NASA’s Cyclone Global Navigation Satellite System, a constellation of eight 30-kilogram satellites built by the Southwest Research Institute and the University of Michigan, observed the Amazon River basin in far more detail than NASA’s Soil Moisture Active Passive mission even when SMAPs radar still worked.
“These images got us excited about the potential for doing new land-applications science with the Cygnus data,” said Chris Ruf, CYGNSS principal investigator and University of Michigan climate and space science professor. “Now a number of people on the science team are working on soil moisture retrieval algorithms and flood inundation algorithms based on these early results.”

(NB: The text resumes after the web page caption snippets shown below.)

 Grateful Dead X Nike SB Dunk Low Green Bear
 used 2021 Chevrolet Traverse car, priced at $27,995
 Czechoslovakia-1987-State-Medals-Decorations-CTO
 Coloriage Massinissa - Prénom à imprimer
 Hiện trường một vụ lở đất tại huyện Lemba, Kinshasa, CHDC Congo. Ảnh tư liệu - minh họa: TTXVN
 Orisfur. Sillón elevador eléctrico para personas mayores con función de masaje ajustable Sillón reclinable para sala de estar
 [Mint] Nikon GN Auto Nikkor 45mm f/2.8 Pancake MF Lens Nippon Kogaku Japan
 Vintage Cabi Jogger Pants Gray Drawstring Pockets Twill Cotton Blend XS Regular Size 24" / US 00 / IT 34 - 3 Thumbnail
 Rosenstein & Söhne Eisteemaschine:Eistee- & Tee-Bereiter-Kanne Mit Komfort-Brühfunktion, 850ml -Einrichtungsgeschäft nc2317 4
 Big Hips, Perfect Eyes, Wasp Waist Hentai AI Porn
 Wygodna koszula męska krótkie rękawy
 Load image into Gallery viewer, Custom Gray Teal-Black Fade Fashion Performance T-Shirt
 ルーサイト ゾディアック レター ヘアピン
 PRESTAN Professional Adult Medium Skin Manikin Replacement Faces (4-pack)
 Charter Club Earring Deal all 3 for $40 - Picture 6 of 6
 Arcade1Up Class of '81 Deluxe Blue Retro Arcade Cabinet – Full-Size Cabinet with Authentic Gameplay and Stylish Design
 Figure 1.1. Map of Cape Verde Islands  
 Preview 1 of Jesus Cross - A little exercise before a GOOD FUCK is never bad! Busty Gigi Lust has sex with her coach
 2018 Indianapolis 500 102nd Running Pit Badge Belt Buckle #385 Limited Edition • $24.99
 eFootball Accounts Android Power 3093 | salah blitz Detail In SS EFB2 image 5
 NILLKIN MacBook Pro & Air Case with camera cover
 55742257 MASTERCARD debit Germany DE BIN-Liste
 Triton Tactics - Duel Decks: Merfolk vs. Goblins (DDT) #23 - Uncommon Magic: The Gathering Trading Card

Clara Chew of the University Corporation for Atmospheric Research published in August Amazon River basin flood maps with observations from SMAP’s radar and radiometer as well as CYGNSS. SMAP’s radiometer offered 30-kilometer resolution and its radar three-kilometer resolution compared with roughly 500-meter resolution for CYGNSS.
CYGNSS is good at picking up soil moisture near the surface and revealing flooding, Chew said at the American Meteorological Society conference here.
Two years into the mission, CYGNSS also is working well in its intended job: observing ocean winds at the core of tropical cyclones, Ruf said.